O BCP fechou a semana a valer 2,53 mil milhões de euros. É o seu valor mais baixo de sempre: um sétimo do que valia em Junho de 2007. O BES e o BPI estão em mínimos de mais de uma década.

S&P antecipa corte de ‘ratings’ no sector financeiro

 

A agência de notação financeira Standard & Poor’s anunciou hoje a sua intenção de rever a metodologia de classificação do sector bancário.

Esta nova metodologia poderá levar à revisão em baixa de metade dos 138 bancos analisados à escala global.

“Para aproximadamente metade dos grandes bancos, os resultados mostram que as mudanças de critérios se traduziriam em cortes de ‘habitualmente’ um escalão”, informou a Standard and Poor’s, num relatório citado pela agência Europa Press, no qual foram feitas estimativas para 138 bancos de 23 países.

A agência concluiu que o impacto seria “modesto”, ainda que tenha advertido que o cenário se pode alterar em função das análises reais que sejam produzidas.

O objetivo desta revisão da metodologia é o de tornar as classificações “mais transparentes”, centrando as análises na capacidade de um banco para proteger o capital e cobrir as perdas, bem como o da separação dos estudos sobre o financiamento e a liquidez de um banco, incluindo nos primeiros a evolução do negócio.

Isto resultará num ‘rating’ que colocará “menos enfâse” nos lucros “não demonstrados” da diversificação e mais nos riscos derivados da complexidade relacionada com os derivados fora de balanço e com o financiamento estruturado.

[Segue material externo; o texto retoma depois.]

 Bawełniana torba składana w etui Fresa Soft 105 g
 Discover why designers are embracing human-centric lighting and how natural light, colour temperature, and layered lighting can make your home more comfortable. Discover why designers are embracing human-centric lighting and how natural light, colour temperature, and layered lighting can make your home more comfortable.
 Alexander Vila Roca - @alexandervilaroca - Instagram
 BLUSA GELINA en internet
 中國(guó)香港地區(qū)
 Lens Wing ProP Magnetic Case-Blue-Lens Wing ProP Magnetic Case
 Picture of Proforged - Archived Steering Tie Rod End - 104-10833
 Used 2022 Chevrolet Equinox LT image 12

Assim, a Standard and Poor’s prevê que 85% das notação de crédito de longo prazo dos grandes bancos mundiais se manteria igual ou revista em apenas num nível (seja em alta ou em baixa), admitindo que para 15% das instituições analisadas as variações podem ser superiores.

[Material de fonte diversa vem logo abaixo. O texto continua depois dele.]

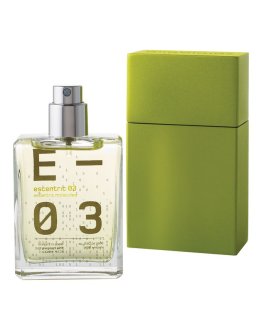Escentric Molecules Escentric 03 Cased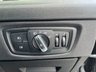 USED 2019 19 BMW 1 SERIES 1.5 118i GPF Sport Hatchback 3dr Petrol Manual Euro 6 (s/s) (136 ps) 2 keys + 4 services
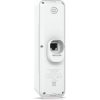 Ubiquiti UniFi Protect G4 Doorbell Pro PoE Kit smart home kaputelefon-kapucsengő IPX4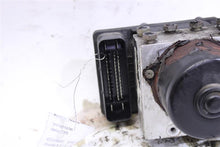 Load image into Gallery viewer, ABS PUMP Mazda Tribute 2005 05 2006 06 4x4 - 1080739

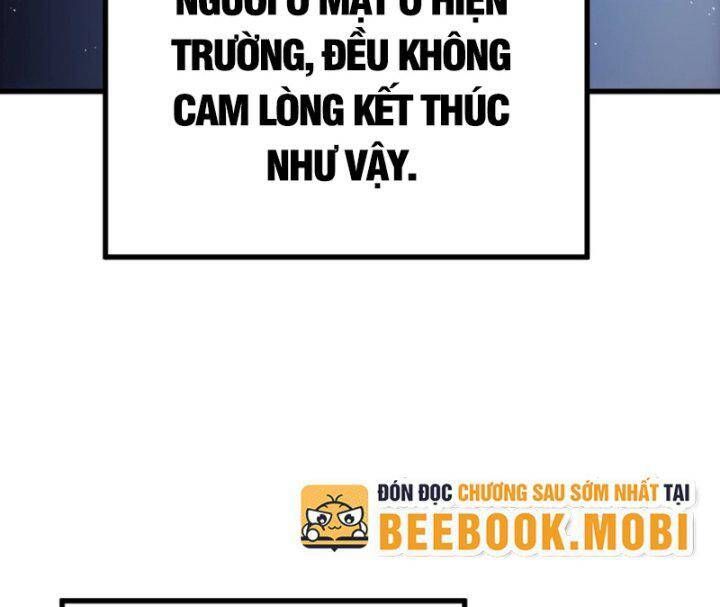 đọc truyện Người Trên Vạn Người Chương 224 ảnh 118 tại Giả Dược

Porém, revela que menos de 20% das entidades com um ‘rating’ de ‘A-1’ ou superior seriam afectadas pelos cortes.

A agência justificou estas modificações porque considera que as crises bancárias têm sido uma constante no história financeira e que voltarão a repetir-se depois de passar a actual, com o mesmo padrão de ascensão e queda do setor, seguido por resgates dos governos.

“Queremos assegurar-nos de que as lições da recente recessão económica não são esquecidas enquanto as economias nacionais se recuperam, criando um próximo período de condições favoráveis que dão lugar ao crescimento e lucros bancários”, concluiu a agência.